Really? Can't we be nicer? Objecting to sending those in mental health crisis directly to jail.
So my latest thing to rant about is hospitals that send patients to jail when they don't have beds. I don't mean people who've committed crimes, I mean people who are in crisis, who are presumed to be a danger to themselves or others. Here are some of my thoughts:
On Psychology Today's website, I wrote "A simple solution to the bed shortage? Unfortunately, Jail" The link to that is Here.
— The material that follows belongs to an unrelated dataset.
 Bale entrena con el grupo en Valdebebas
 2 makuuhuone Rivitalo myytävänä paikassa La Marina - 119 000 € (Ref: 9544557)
Over on Clinical Psychiatry News, I did a little more research on the topic and spoke with the reporter, one of the doctors, and the Rapid City Sheriff. See "Mentally Ill? Go Directly to Jail"
The link to that is HERE.
But I've learned that it's not just in Rapid City, South Dakota where it's an issue -- oh, and the sheriff there is apparently refusing to take these patients -- but other states have these issues as well. My friend, Pete Earley the mental health advocate has been kind enough to share my outrage HERE.
On Facebook, I've noted:
When we submitted our book proposal for Committed, our editor told us we had to take a stance and the message had to be something more than be kind to patients. Lately, I'm thinking that "Be kind to patients" is not such an obvious thing in our crazy world. Last week, I wrote an article about a hospital in Rapid City SD that announced their overflow psychiatry patients would be held in jail (--I researched the article after I first saw it on this FB page, so thank you to the poster). Today I read that in 6 states people in mental health crises can be (and are) held in jail when there are no hospital beds available. These are not people who have committed a crime. Why, as a society, don't we think this is unconscionable? Could you imagine going to the hospital for pneumonia, being told there were no beds so you were going to jail? Why is jail ever an alternative to health care? What is wrong with us?